Finding a Website’s Favicon with Ruby

For a project I’ve been working on, I wanted to to have my Sidekiq worker (which is part of an RSS crawler) discover the favicon for a web site and cache it for later display. It was fun figuring out a way to do this, so I just had to share.

A Brief History of Favicons

Favicons, or “shortcut icons,” can be defined in multiple ways. Like all too many things in web design, browsers handle them in slightly different and mildly incompatible ways, meaning there’s plenty of redundancy. Favicons came to be when Microsoft added them to Internet Explorer 5 in 1999, implementing a feature where the browser would check the server for a file named favicon.ico and display it in certain parts of the UI. The following year, the W3C published a standard method for defining a favicon. Rather than simply having the browser look for a file in the root directory, an HTML document should specify a file in the header with a <link> tag, just like with stylesheets.

Fast forward to the present, and you have a bit of screwiness.

  • All major web browsers check for the link tag first, and fall back to favicon.ico if it’s not found.
  • You can define multiple icons in the HTML header. You can have ICO/PNG/GIF formats, as well as different sizes.
  • Some browsers support larger 32×32 favicons, while others will only use the 16×16 ones. Chrome for Mac prefers the 32×32 ones, and scales them down to 16×16 on Macs without Retina displays.
  • Big Bad Internet Explorer only supports ICO files for favicons, not PNGs.
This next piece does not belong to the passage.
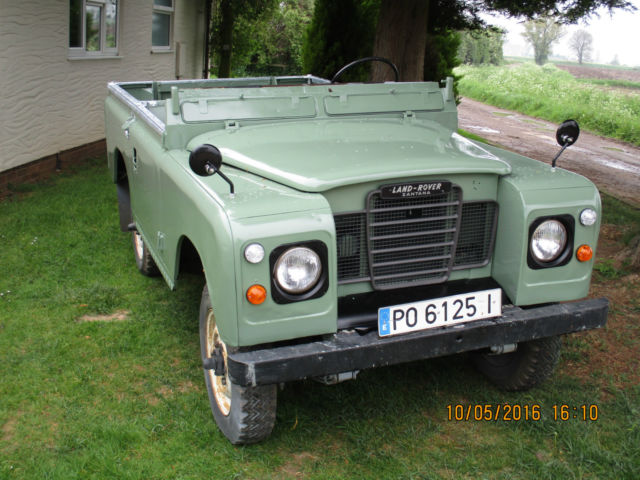 1977 Land Rover Defender SANTANA ESPECIAL 88 INCH SWB DIESEL - photo 7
The most compatible way to set up your favicon is to define both 32×32 and 16×16 icons in your header, using the PNG format, and make a 16×16 ICO formatted one to name “favicon.ico” and drop into your web root. Browsers that play nicely will use the PNG ones in whatever dimensions they prefer, and IE will fall back to the ICO file.

Writing the Class

Now that the history lesson is out of way, you can see why there’s a little bit of a challenge here. Depending on how badly you want to find and display that icon, you may have to write logic for the different methods. For this tutorial, I will focus on two. The simplest, which is looking to see if there’s a favicon.ico, and a basic implementation of checking for a link tag defining a shortcut icon.

Before we do anything else, we need to install a few dependencies. Either add them to your Gemfile and do a bundle install, or use the gem install command to install them manually.

Now require the necessary libraries at the top of a new Ruby file and we can get going.

require "httparty"
require "nokogiri"
require "base64"

We can define a class to make a nice, clean interface for this to keep it modular and easier to reuse. As you can see below, I’ve made a Favicon class and added some accessors for instance variables, as well as an initialize method that assigns the parameter it receives to the @host instance variable before calling the method we will be defining next.

require "httparty"
require "nokogiri"
require "base64"


class Favicon


  attr_reader :host
  attr_reader :uri
  attr_reader :base64


  def initialize(host)
    @host = host
    check_for_ico_file
  end


end

We’ll be implementing the simplest part first. The check_for_ico_file method will send an HTTP GET request to /favicon.ico on the server specified in @host and check to see if a file exists. (The server will send a 200 OK response if it does, and a 404 Not Found error otherwise.) If it does, the URL will be saved to an instance variable and the icon file’s contents will be base64 encoded before being saved to an instance variable as well.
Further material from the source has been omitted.